We’ve faced our share of threats as well. In 2018, a developer sought to build a sprawling mix of 1,000 single-family luxury homes in the bucolic Evergreen foothills of San Jose, in contravention of our General Plan. The company spent $6 million to place Measure B on the ballot and to urge voters to approve what it mischaracterized as the “Evergreen Senior Homes Initiative.” With a badly underfunded but heartily spirited coalition of environmental organizations, neighborhoods, and community groups, we defeated Measure B, and then enacted Measure C, which sharply limits development in the hillsides and rural edges of the city.
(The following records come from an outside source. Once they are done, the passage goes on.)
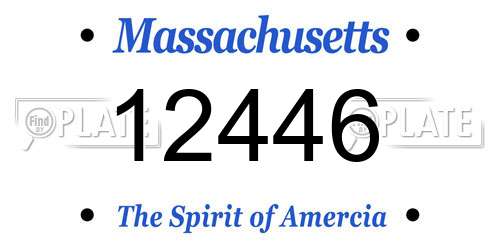 12446 Massachusetts License Plate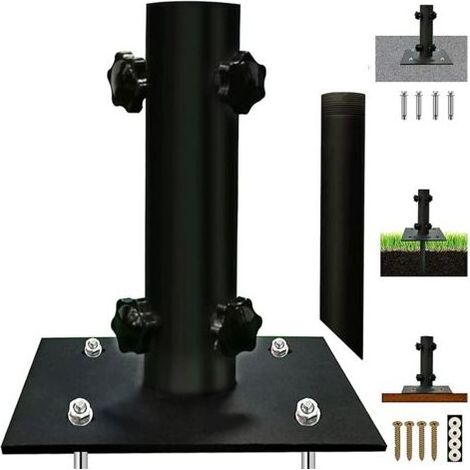 Base de parasol de terrasse, support de parasol multifonction pour extérieur avec fixation au sol, support de parasol de table en métal robuste pour terrasse, béton, pelouse, montage mat (1/5)
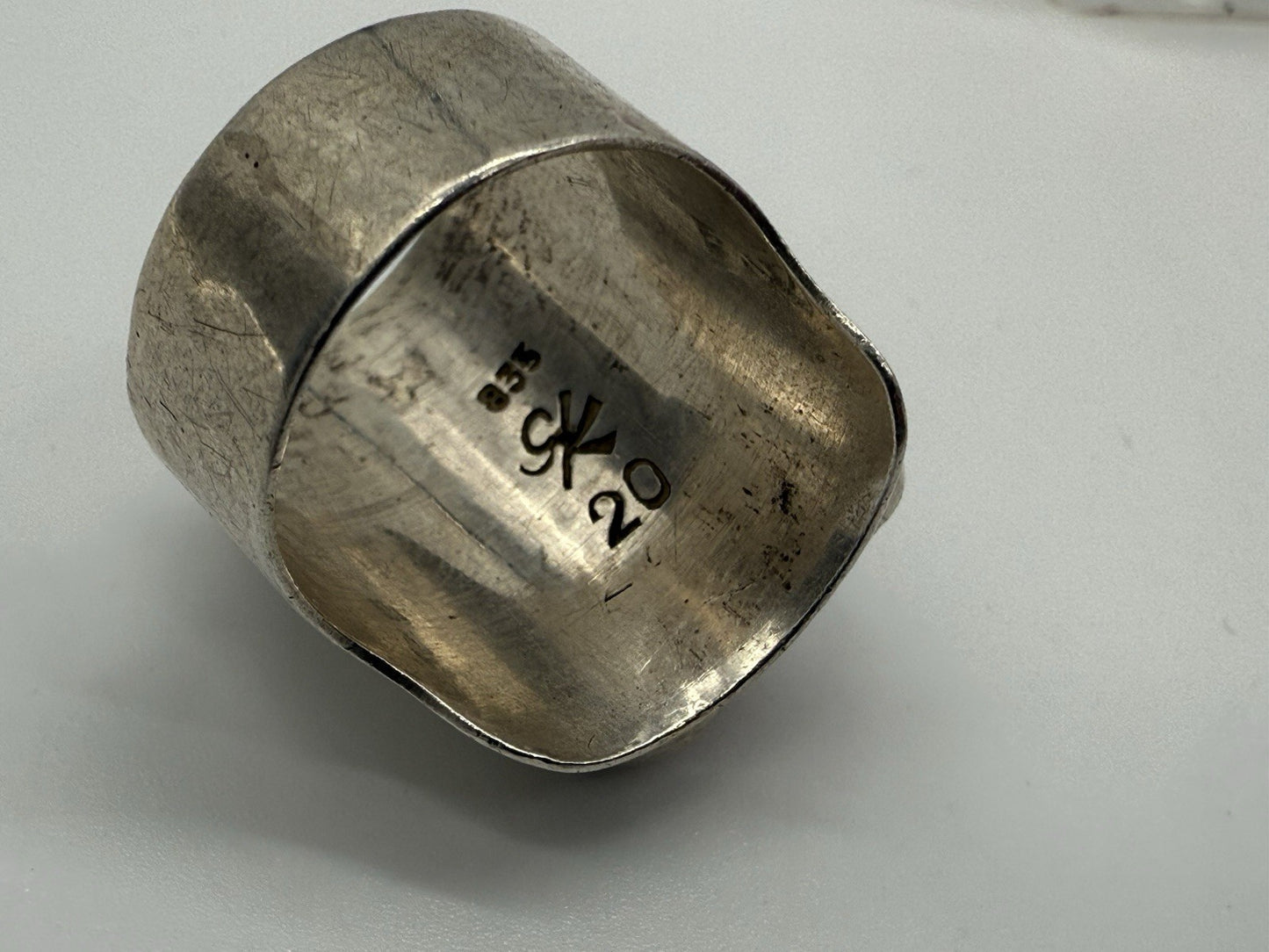 DESIGNER RING GEORG KRAMER 835 SILBER BERNSTEIN GR.54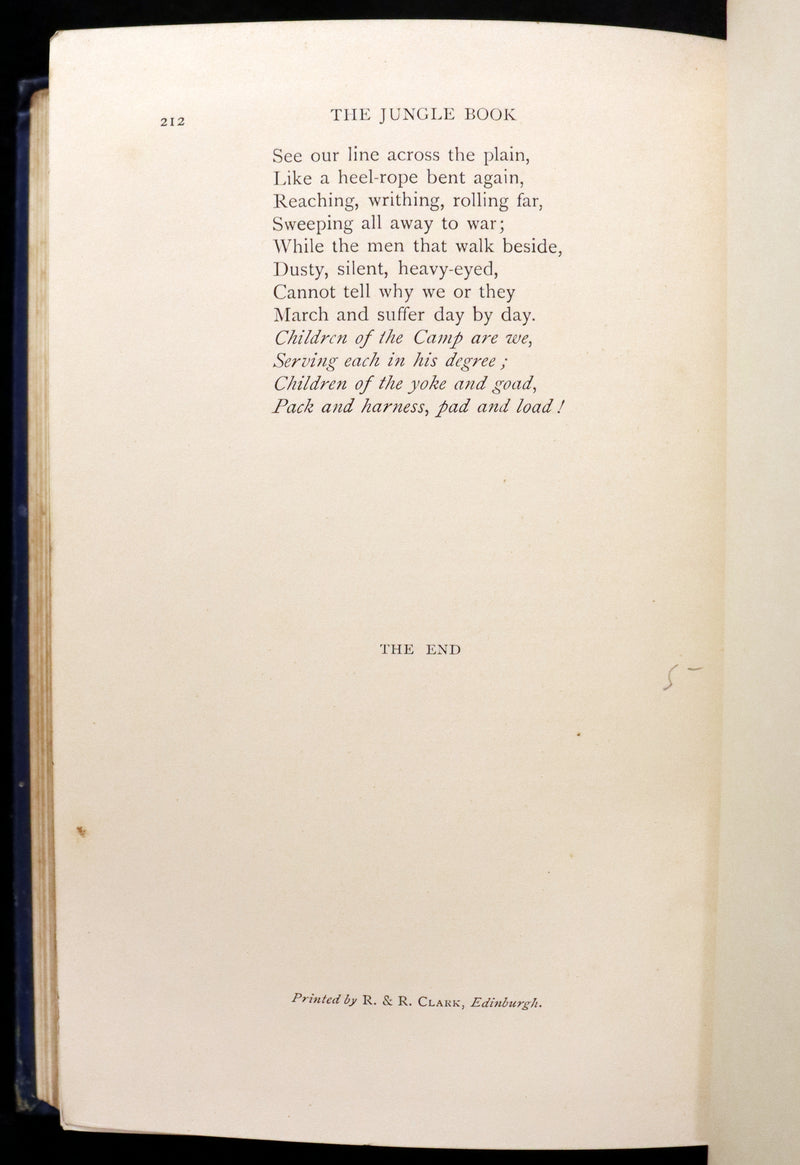 1894 Rare First Edition, second printing - The Jungle Book by Rudyard Kipling. Illustrated.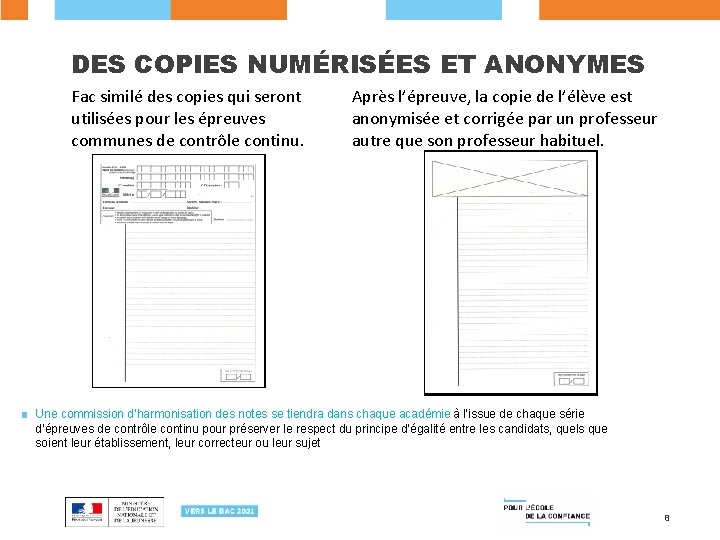 DES COPIES NUMÉRISÉES ET ANONYMES Fac similé des copies qui seront utilisées pour les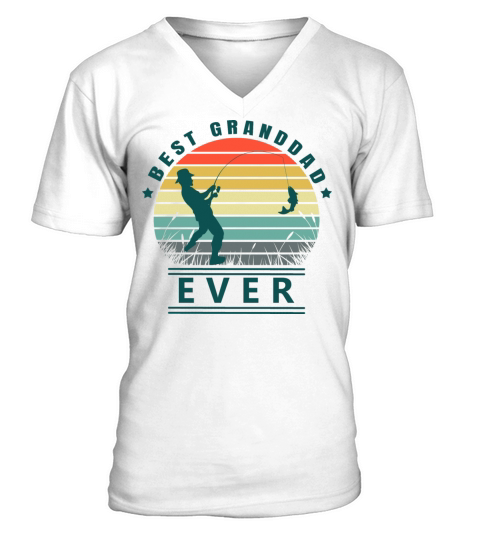 Best granddad ever fishing grandpa V-Neck T-shirt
In approving Measure C, our voters protected San Jose against future attempts by developers to mislead the electorate with similarly hare-brained developments.
Through all of these efforts, and many others, we’ve come together as a community. I’d venture to suggest that we’ve accomplished more to protect our planet than any other American city during this time. Of course, we have much more work to do. Our shared history of success should embolden us to get it done.